Lā ḥawla wa lāquwwata illā billāh. I was so taken aback that I couldn’t speak. I did not expect that at all. I passed my phone to Adel to talk on my behalf. A few hours later, I was in Firdaus’s good friend’s car on the way to Tahlia Centre. I was racked with guilt. It’s the exam period now and I know that all the students are extremely busy with revision. I thanked Salim profusely. His simple response was, “Don’t worry about it, Alia. Firdaus is my brother.” Emotions started building up inside my heart. Why is everyone being so nice to me? I glanced out of the window and saw a road sign. It said “Allahu Akbar”. I burst into tears. Indeed, Allah is the Greatest. He’s our Protector. He sent these beautiful souls to help me. He led me from the depth of darkness to light. He pushed the clouds of worry away.

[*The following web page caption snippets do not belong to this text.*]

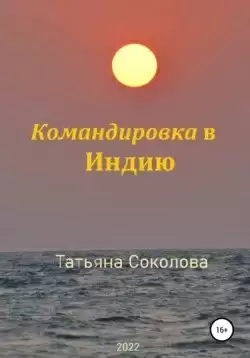 Командировка в Индию - Татьяна Соколова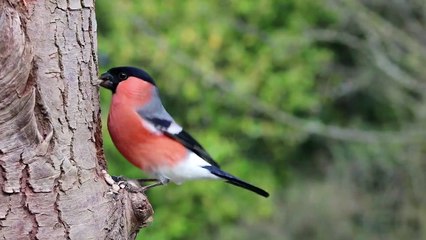 Bullfinch eating-Pyrrhula pyrrhula Bird - Chim sẻ ức đỏ đang ăn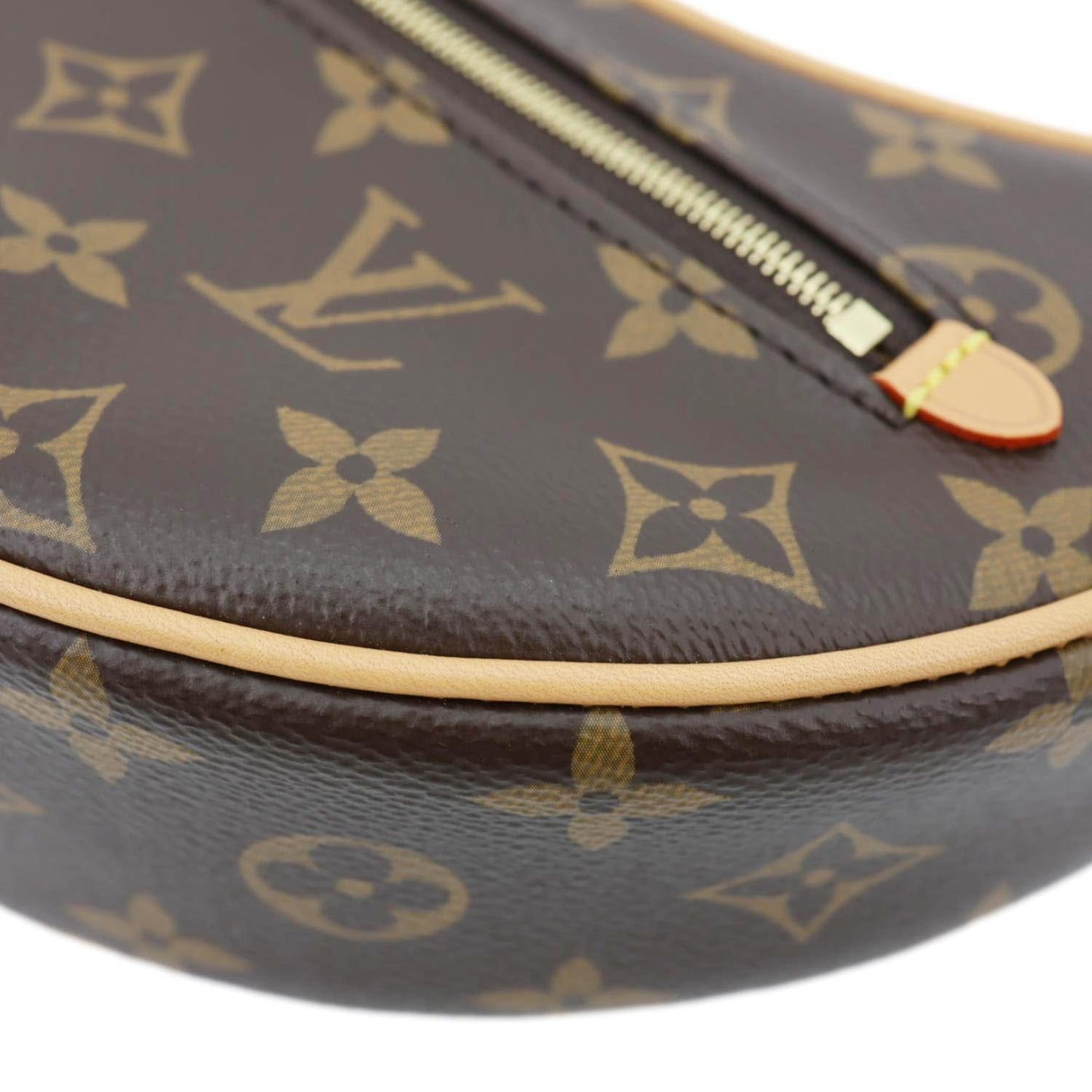 LOUIS VUITTON Loop Monogram Reverse Canvas Hobo Bag Brown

I eventually got my wallet back. There was no money left but all the cards were intact. We even managed to grab a bite at a Hijazi food joint before heading back to KAUST. That was the first time that Firdaus and I had eaten tamis bread with dubbah ‘arabi, foul medames and spicy omelette. Alhamdulillah. Alhamdulillah. Alhamdulillah.

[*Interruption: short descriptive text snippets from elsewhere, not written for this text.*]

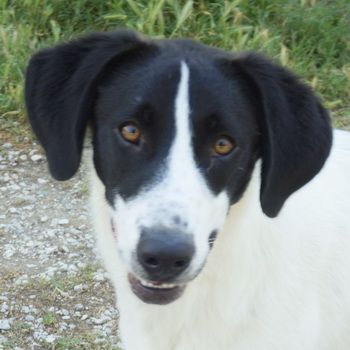 Rowan, geb. ca. 11/2018, lebt in GRIECHENLAND, im städt. Tierheim Serres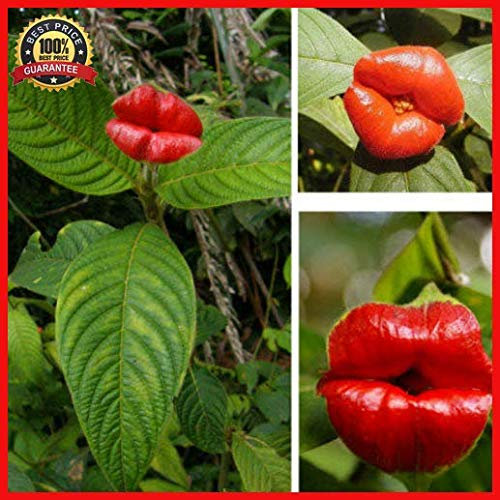 Seeds Seed Germination: hot Lips Flowers 50pcs vases psychotria elato Flower of Lips Seeds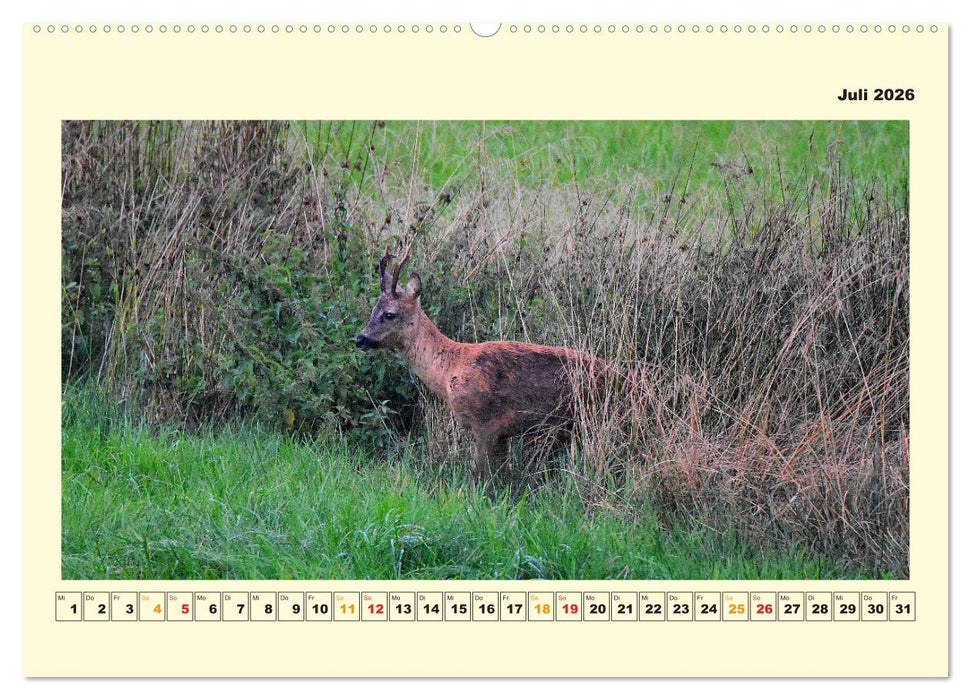 Unser Land im Norden (CALVENDO Premium Wandkalender 2026)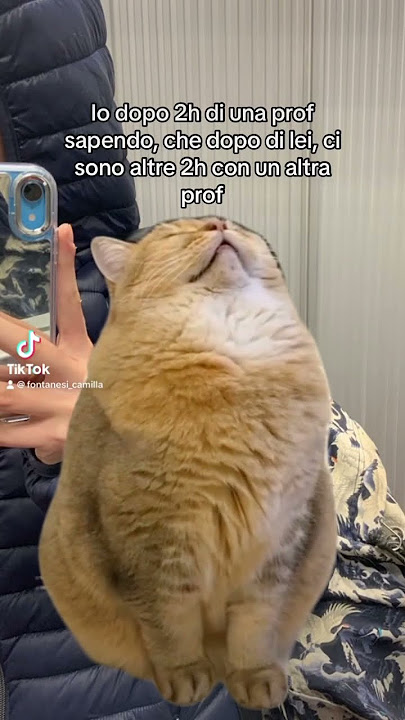 Tik tok : fontanesi_camilla https://vm.tiktok.com/ZGJEdLaej/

Losing my wallet made me realise that my heart still needs a lot of work. I know that I could have responded better than I did. I’m still learning. Only when we stumble can we rise higher than before. I’ve failed a thousand times but His Mercy still remains. Our flaws will never be greater than Allah’s love. Having said that, I want to share an inspiring story that I read in Vizier magazine a couple of years ago. There was once an affluent merchant. One day, when he was delivering a lecture, some people interrupted him and broke the news that all the four ships carrying his goods had sunk. The man paused for a moment, said, “Alhamdulillah,” and continued his lecture. After a while, the same group came rushing in again. They updated him that they were mistaken and that his ships hadn’t sunk. He paused, said, “Alhamdulillah,” and continued his lecture. His reaction piqued his students’ curiosity. They asked him why he said, “Alhamdulillah,” in both situations. The man explained that when he was first told that his ships had sunk, he paused to examine his heart. When he found that it was unmoved by the loss, he expressed gratitude towards Allah. When he was told that the news was wrong and that his ships were fine, he paused and examined his heart. Again, he found it unmoved. Thus, he thanked Allah. His gratefulness wasn’t for the gain or the loss. It was for the fact that his heart was not attached to the gain or the loss. Subhanallah! Unlike me, he held his material wealth in his hands but not in his heart. He understood that the greatest wealth is not visible. The best treasure is the richness of our souls. May Allah open our hearts wide, give us Hidayah and strengthen our Iman, in shaa Allah Amiin.